2020年5月10日礼拝説教「罪の赦しの証し人」

 

聖書箇所:使徒言行録10章34~43節

罪の赦しの証し人

 

 歴史的に見ますと、危機のときに自国第一主義のような考え方が強くなります。これは国だけには限りません。学歴でも、会社でも、生まれの地域でも、同じ考え方が起こり得ます。その根本にあるのは、今日の御言葉でいうならば「人を分け隔てする」ということでしょう。この当時のユダヤ教(キリスト教も含む)もまた危機の中にあり、ユダヤ人と異邦人を分け隔てるような民族主義的な傾向を強くもっていたようです。ペトロすらも、この考え方から自由ではありませんでした。しかし神は、人を分け隔てなさらないとペトロは語り始めます。どんな国の人でも、神を畏れて正しいことを行う人は、神に受け入れられるからです。これは第一に、コルネリウスを指しています。「正しいこと」とは、施しを指す言葉です。隣人を愛する行いと言ってもよいでしょう。主イエスがマタイ22:36~38で教えておられる第一の掟と第二の掟が対応します。それを実践していたのが異邦人であるコルネリウスでした。彼に御言葉を届けるために、神はペトロを導かれました。この事実から、コルネリウスのような異邦人であっても、神を畏れて正しいことを行う人を神が受け入れてくださることは明らかです。

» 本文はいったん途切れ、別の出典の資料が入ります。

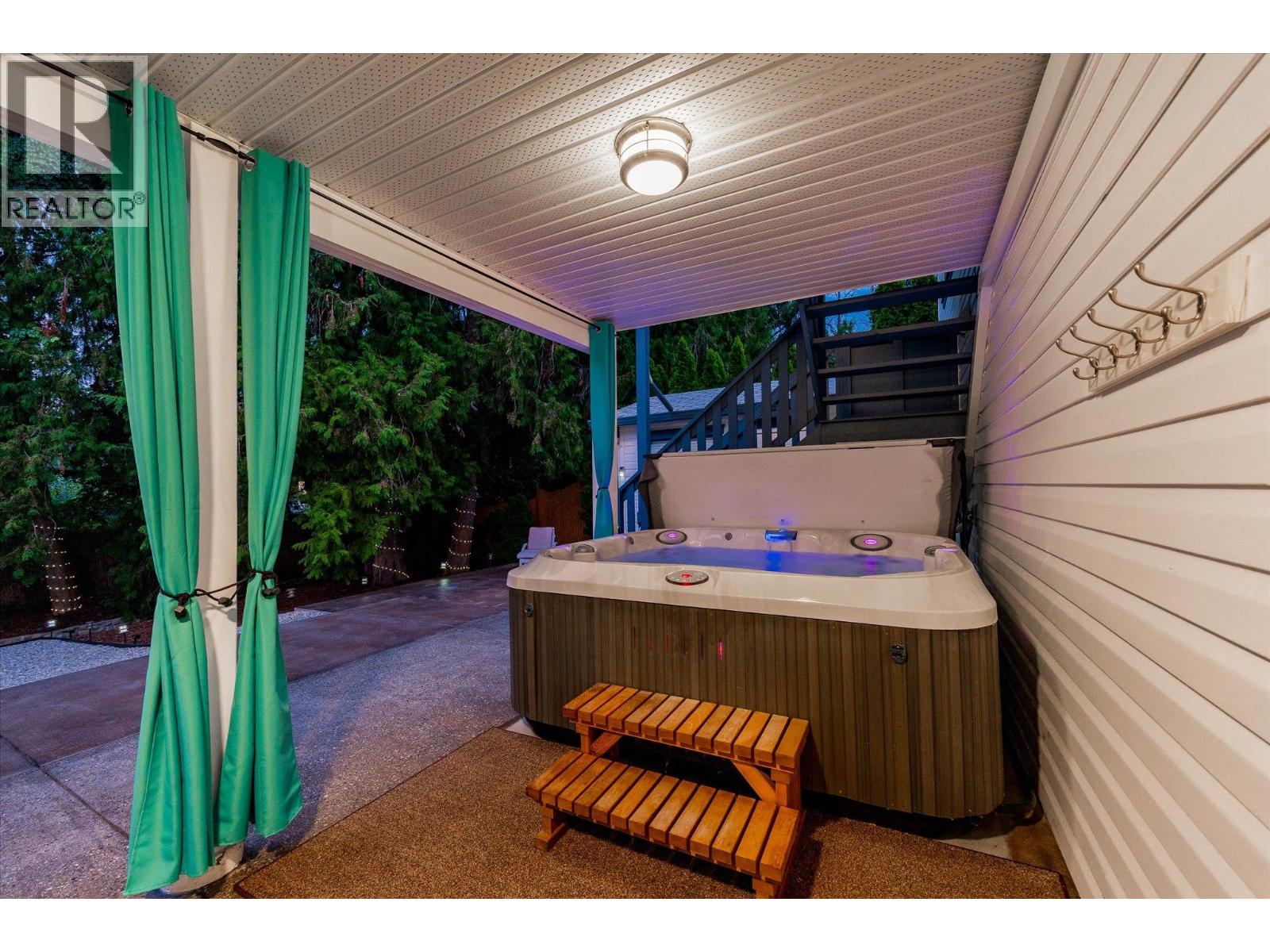842 Raymer Road, Kelowna, British Columbia  V1W 1J8 - Photo 6 - 10399055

 続く36節からは、主イエスについて語られます。36節の原文において最初に記されているのは、「御言葉を、神は送ってくださった」です。ですからここでの「御言葉」が指しているのは、主に直前の35節であると考えられます。この言葉を、神はイスラエルの子らに送ってくださったのです。それはイエス・キリストによって平和を告げ知らせるという方法によって実現しました。このイエス・キリストこそ、すべての人の主です。36節を原文の語順にそって見ると、このようになります。37節で「あなたがたはご存知でしょう」とありますが、これは歴史的に起こった事実であるという宣言であろうと言われています。一方でこのときのコルネリウスは、熱心に旧約聖書に示された神を信じていましたが、主イエスのことはまだ知りませんでした。そのコルネリウスに対して、あなたが信じている神が、主イエス・キリストというお方をお遣わしになったことを伝えるのが、ペトロの説教の中心になります。38節もこれを示すために、神と関連付けて主イエスことが語られています。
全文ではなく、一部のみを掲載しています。